Image-caption web data
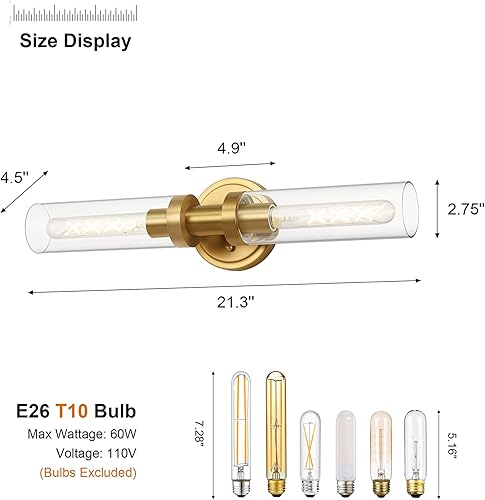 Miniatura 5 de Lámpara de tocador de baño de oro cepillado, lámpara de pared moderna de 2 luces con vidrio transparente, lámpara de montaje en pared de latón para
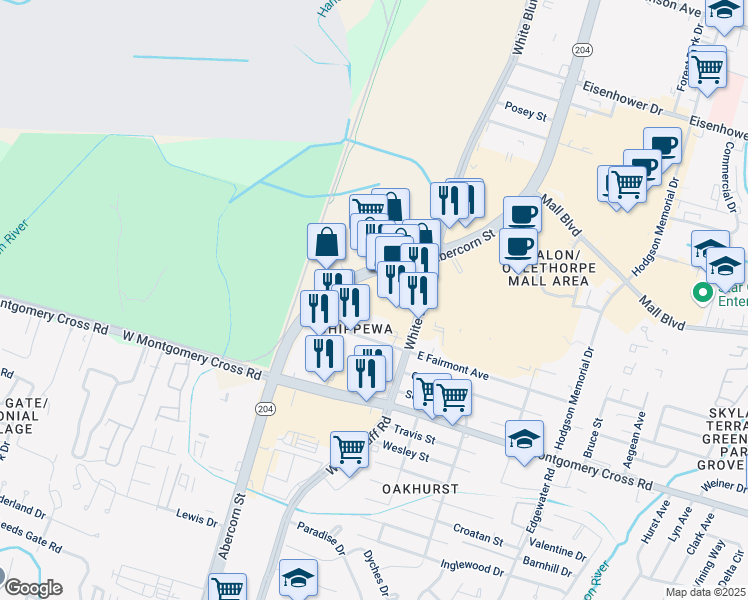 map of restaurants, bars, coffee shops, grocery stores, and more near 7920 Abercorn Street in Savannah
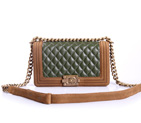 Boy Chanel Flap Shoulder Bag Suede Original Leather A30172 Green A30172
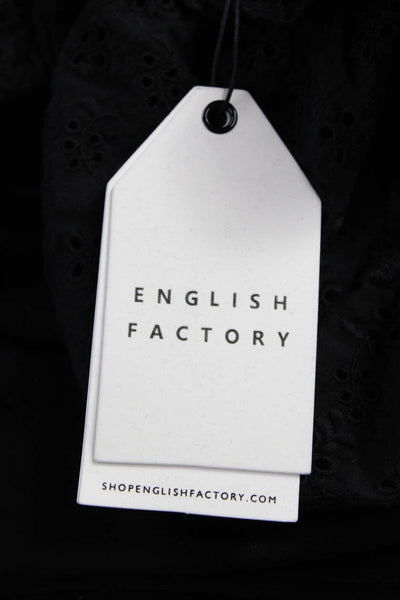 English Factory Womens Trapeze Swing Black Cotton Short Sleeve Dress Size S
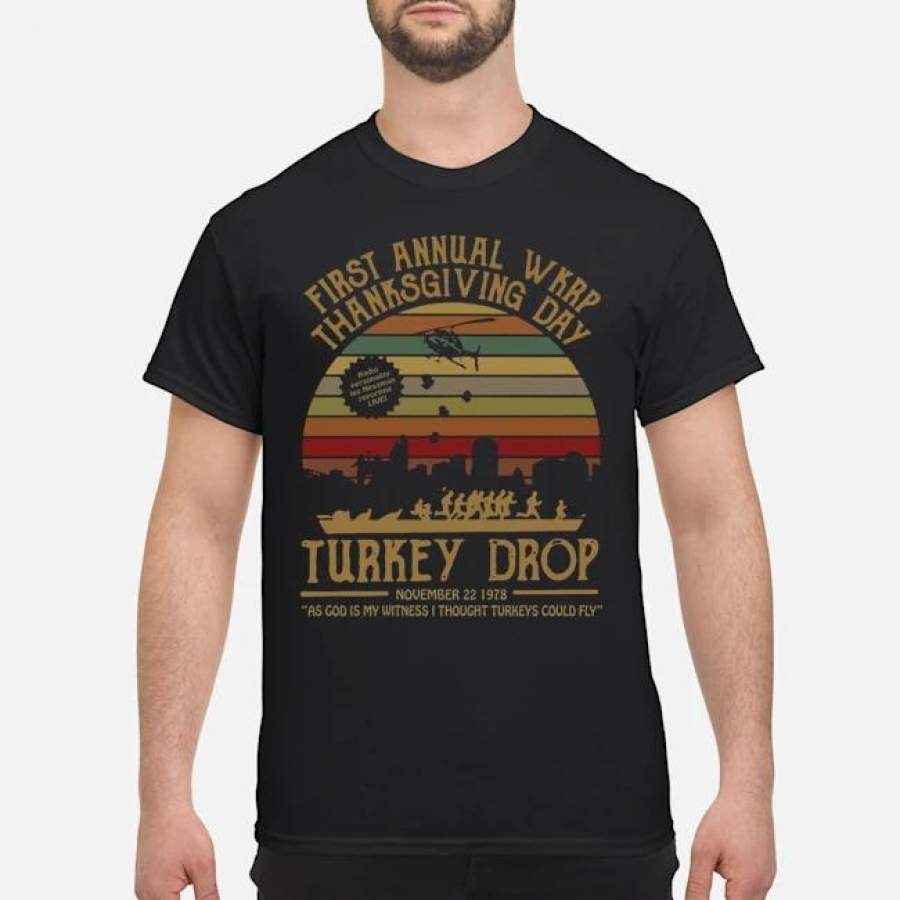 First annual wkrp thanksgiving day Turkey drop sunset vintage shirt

(What the exercise asks):
Exactly as they appear above, print all the lines, but not the pictures.

(Answer box):
 Miniatura 5 de Lámpara de tocador de baño de oro cepillado, lámpara de pared moderna de 2 luces con vidrio transparente, lámpara de montaje en pared de latón para
 map of restaurants, bars, coffee shops, grocery stores, and more near 7920 Abercorn Street in Savannah
 Boy Chanel Flap Shoulder Bag Suede Original Leather A30172 Green A30172
 English Factory Womens Trapeze Swing Black Cotton Short Sleeve Dress Size S
 First annual wkrp thanksgiving day Turkey drop sunset vintage shirt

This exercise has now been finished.